As shown in Figure 1, heavy oil is just slightly less dense than water, with specific gravity in the 1.000 to 0.920 g/cc range, equivalent to API gravity of 10° to 22.3°. Bitumen and extra-heavy oil are denser than water, with an API gravity less than 10°. Extra-heavy oil is generally mobile in the reservoir, whereas bitumen is not. At ambient reservoir conditions, heavy and extra-heavy oils have viscosities greater than 100 centipoise (cP), the consistency of maple syrup. Bitumen has a gas-free viscosity greater than 10,000 cP, similar to molasses. Oil sands (also called tar sands), but which more accurately are bituminous sands, consist of bitumen (derived from degradation of oil) either as seeps that come to surface or accumulated within shallow subsurface sediments.

Meyer et al. (2007) found that heavy oils are found in 192 sedimentary basins and bitumen accumulations occur in 89 basins. These bitumen and heavy oil deposits are not uniformly distributed, with more than 70% of these resources found in Canada, Venezuela and the United States. Other areas with important combined bitumen and heavy-oil deposits include the Middle East, China, Africa, Russia, Kazakhstan, Cuba, Trinidad and Tobago, Mexico, Colombia, Italy, and Malta. Within the United States, bitumen and heavy oil deposits mainly occur in California, Alaska, Utah, southwest Texas, Louisiana, Alabama, Montana, and Wyoming with scattered deposits in other states.
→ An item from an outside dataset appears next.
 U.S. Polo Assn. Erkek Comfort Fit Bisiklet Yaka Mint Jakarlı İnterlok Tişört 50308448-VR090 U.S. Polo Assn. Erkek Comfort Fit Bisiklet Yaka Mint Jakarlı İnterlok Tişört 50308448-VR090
Figure 2. Location of the Orinoco Heavy Oil Belt in eastern Venezuela. The belt is divided up into four regions (Rigzone, 2020).
Figure 2. Location of the Orinoco Heavy Oil Belt in eastern Venezuela. The belt is divided up into four regions (Rigzone, 2020).

The extensive Orinoco Heavy Oil Belt (Faja Petrolifera del Orinoco) of eastern Venezuela (Figure 2) is the largest extra-heavy oil deposit in the world, containing 1.2 trillion barrels (190 billion m³) of extra-heavy oil-in-place of which 310 billion barrels (49.3 billion m³) is considered technically recoverable. The deposit is 55,314 km² in size and extends 600 km in an east-west arcuate band that is up to 90 km wide.

Heavy oil constitutes approximately 18% of the total Russian oil reserves and is estimated at 22.6 billion barrels (3.6 billion m³). Recoverable heavy oil occurs in four principal petroleum provinces, (1) the southern, up-dip portion of the West Siberian Basin, (2) the Volga-Ural Basin, (3) Timan-Pechora Basin, and (4) Eastern Siberian Basin (Figure 3).

Figure 3: Regional distribution of Russia’s heavy oil and bitumen reserves (VNIGRI, 2017).
Figure 3: Regional distribution of Russia’s heavy oil and bitumen reserves (VNIGRI, 2017).
California has the third largest exploited heavy oil reserves in the world after Venezuela and Russia. As of the end of 2017, California’s proved reserves were 2,204 million barrels (350.4 million m³). Fifty-two of the fields each have reserves greater than 100 million barrels (15.9 million m³). California’s oil fields are in the central and southern parts of the state (Figure 4). Per volume of sedimentary fill, the Los Angeles Basin may be the world’s most petroliferous province.

The largest oil sand deposits in the world are along the shallow up-dip margins of the Western Canada Sedimentary Basin (Figure 5). These deposits consist of several separate accumulations of bitumen and heavy oil that together comprise 1.8 trillion barrels (289 billion m³) of in-place resource.

Figure 4: Principal oil fields of California (Tennyson, 2005)
Figure 4: Principal oil fields of California (Tennyson, 2005)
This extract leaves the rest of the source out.